We've survived censorship before, but that doesn't make the current moment less perilous.

It seems like freedom itself is in peril these days.

Of course, this fear is nothing new. For at least as long as the United States has existed, people from across the political spectrum have worried that freedom is endangered. Naturally, they’ve used this same slogan to highlight very different concerns; but most commonly, it relates to the fear that freedom of speech is under attack.

It’s true that freedom of expression is never absolute, even in the U.S., which has a more expansive version of this right than most other countries. It’s also true that some of the practices that have drawn the sharpest criticism—such as people being fired for saying or writing things deemed inflammatory or controversial, like expressing schadenfreude over the assassination of Charlie Kirk—are perfectly legal. They’re not government actions, so they’re not protected by the First Amendment. Still, that doesn’t make them right.

Taking over the public square

What’s particularly troublesome is when large corporations accumulate so much power, they come to rival governments in their ability to determine what ideas we can and can’t express. When the public square is owned by private companies, we only have as much free speech as they’re willing to grant us. For instance, social media companies can put a thumb on the scale, boosting some opinions to prominence and suppressing others, in a way that’s almost impossible for the average user to detect.

Traditional media companies have done the same thing more explicitly, as with Jeff Bezos’ 2025 statement that the Washington Post opinion page will, from now on, only publish editorials in support of “personal liberties and free markets”.

What would be the solution?

I recall reading an essay which described two controversial writers whose books were dropped by their publisher as martyrs to free speech. Even if that’s true, what can or should be done? Oblige publishing companies to keep printing books they originally released, no matter what? Should we bring back the “fairness doctrine” and require social media companies to alter their algorithms to give equal prominence to every opinion? Where does it end?

Despite the obvious corruptions and abuses that can occur in the private sphere, there are too many issues to extend constitutional protections to the decisions of non-state actors. Surely, private publishers—like this very website—have a right to decide which opinions they want to promote and which opinions they reject. To take that away from them would be violating their rights of free speech and freedom of association.

Whatever the merits of these complaints, the case is clearer when the government forces private entities, either explicitly or implicitly, to carry out its wishes for censorship. The Comics Code is one well-known example from the twentieth century, as is the Hollywood blacklist. In both cases, these private-party censorship initiatives arose from moral panics sparked by congressional hearings, and both were created to stave off direct government intervention. In other words, they were proxies for state censorship.

We've been here before

That brings us to the current situation, where President Trump and his administration are openly trying to silence their critics. In some cases, it’s by state action, such as seeking to deport non-citizens who’ve been critical of their foreign policy or their anti-immigrant secret police. In other cases, where U.S. citizens are involved, government officials have pressured employers to fire people who’ve spoken out against them.

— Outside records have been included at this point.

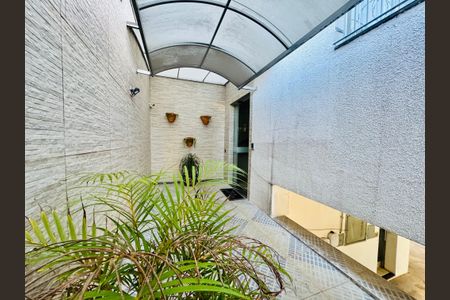 Apartamento à venda com 100m², 3 quartos e 1 vaga Apartamento à venda com 100m², 3 quartos e 1 vagaÁrea comum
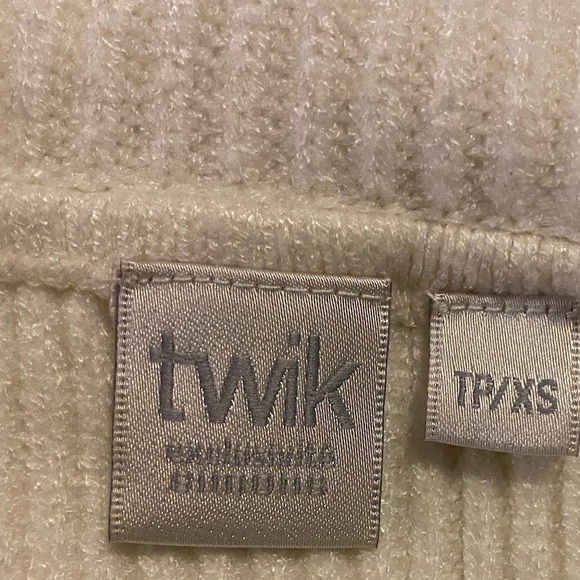 twik Women’s Simons Cream Full Zip  Turtleneck Sweater - Size XS - Picture 3 of 3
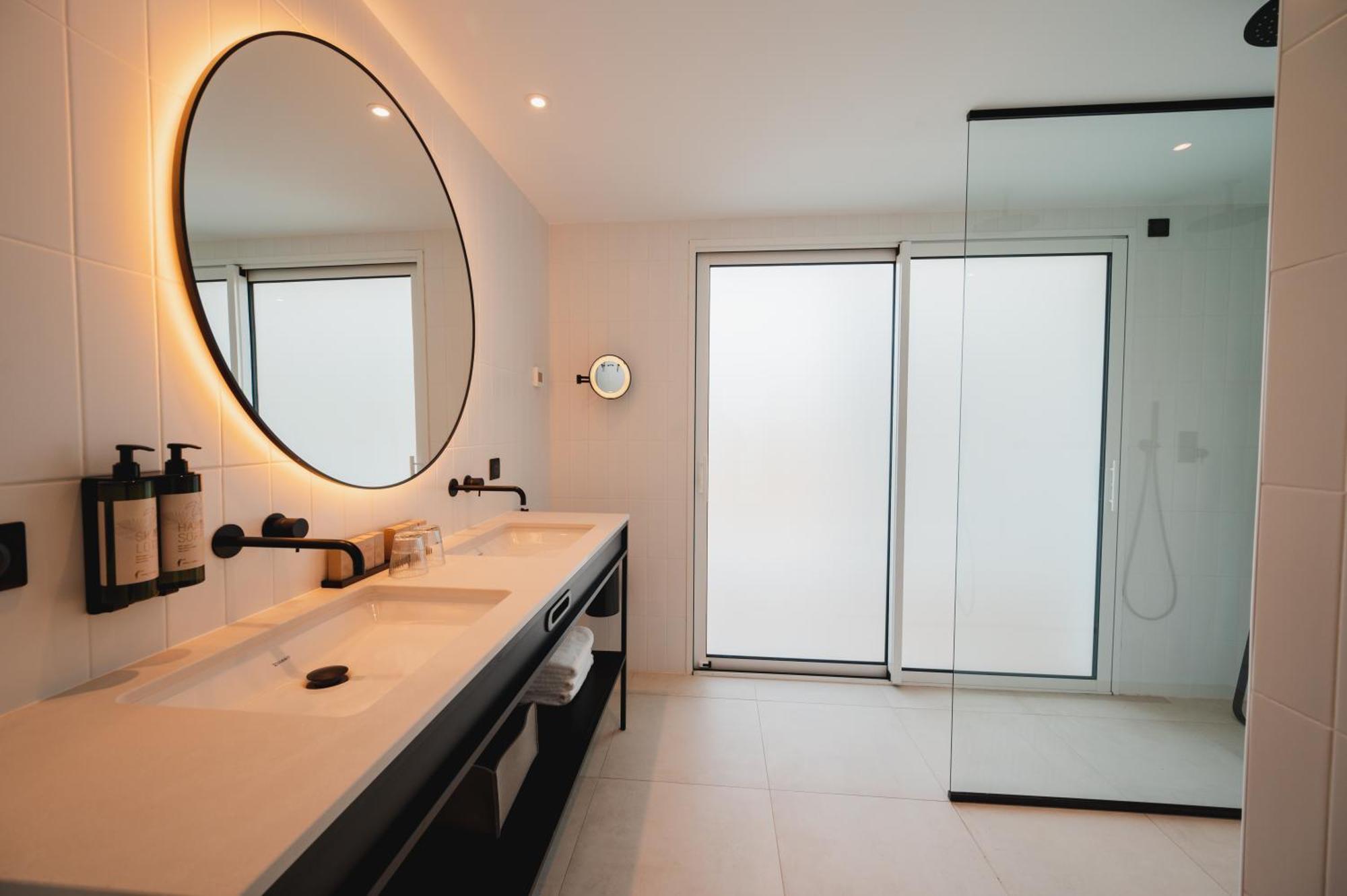 Van Der Valk Hotel Bloom Saint Aygulf Extérieur photo
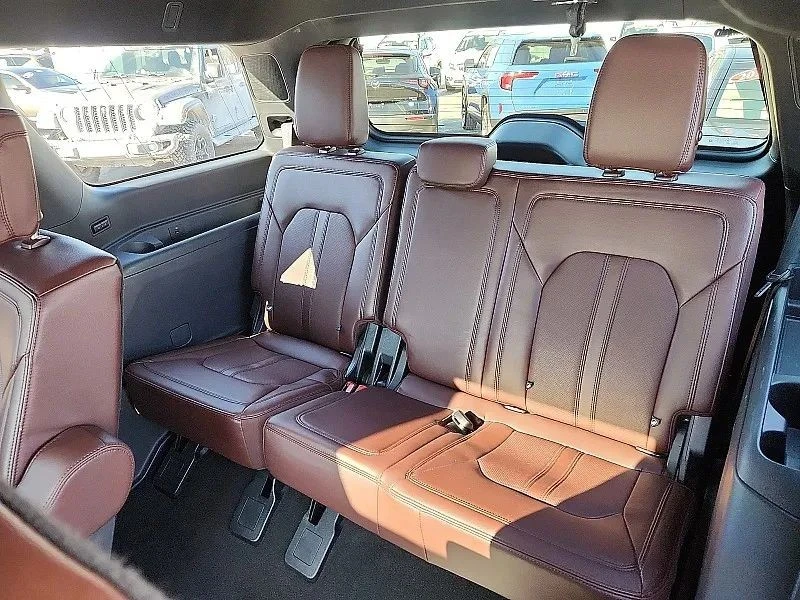 2024 Ford Expedition 5th Gen - Image 12 of 12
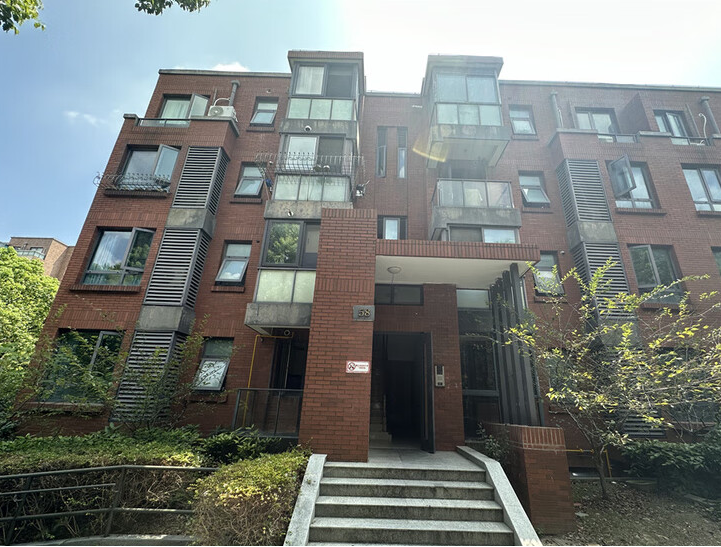 上海市浦东新区滴水湖馨苑58栋4F及车位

Whether or not you treat this fact as consolation, this isn’t the first time something like this has happened in the United States. I mentioned the Hollywood blacklist and other examples of censorship that arose from the Red Scare, but there are earlier examples as well. Fewer people are familiar with the Espionage Act and the Sedition Act, both of which were passed during World War I.

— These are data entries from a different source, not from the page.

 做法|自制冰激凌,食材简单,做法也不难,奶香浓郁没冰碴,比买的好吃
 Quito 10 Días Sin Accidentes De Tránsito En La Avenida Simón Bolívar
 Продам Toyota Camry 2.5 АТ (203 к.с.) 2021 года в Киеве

These laws criminalized speech and writing that criticized government conduct during the war. Thousands of people were prosecuted for violating them, including labor leaders, journalists, whistleblowers, politicians and activists. Most of the ideas they were punished for expressing would now be treated as protected expression, but at the time the U.S. Supreme Court ruled otherwise.

Even with current jurisprudence, it seems unlikely that laws this repressive are going to make a comeback. However, we shouldn’t let this make us complacent. Just because worse abuses have happened in the past, it doesn’t mean we shouldn’t be opposed to what’s going on right now. We can’t assume these repressive tactics and ideologies are just a phase and will eventually go away on their own. They might become the new normal.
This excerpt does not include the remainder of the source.